### Supplied information
:::

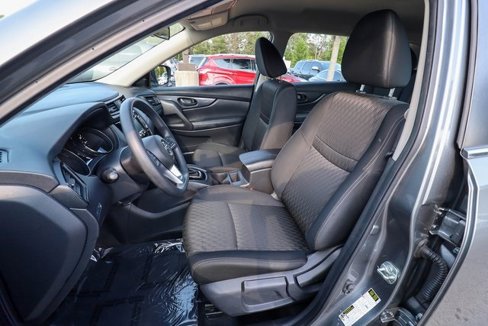 Used 2020 Nissan Rogue S image 33
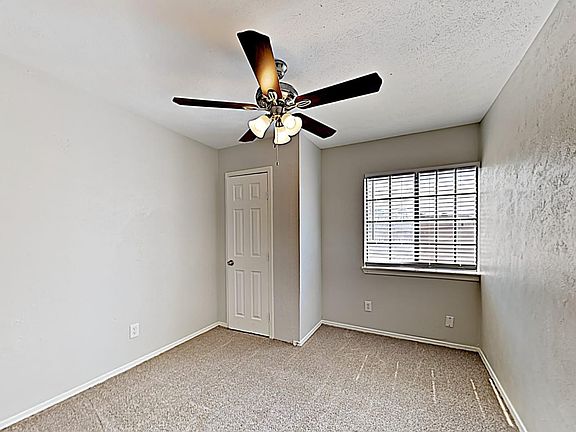 3rd image of 1607 Hancock Dr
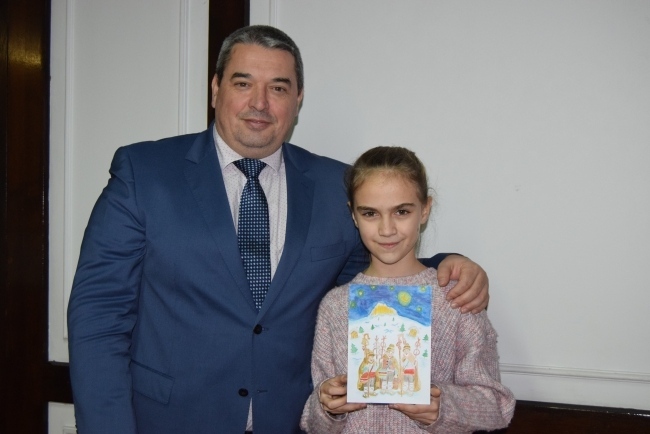 11-годишната Гергана Йосифова от Първомайци създаде картичка, с която Община Горна Оряховица поздравява институции и партньори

:::

### Work task
Each line above is to be copied exactly, and the pictures are to be dropped.

### Expected answer
 Used 2020 Nissan Rogue S image 33
 3rd image of 1607 Hancock Dr
 11-годишната Гергана Йосифова от Първомайци създаде картичка, с която Община Горна Оряховица поздравява институции и партньори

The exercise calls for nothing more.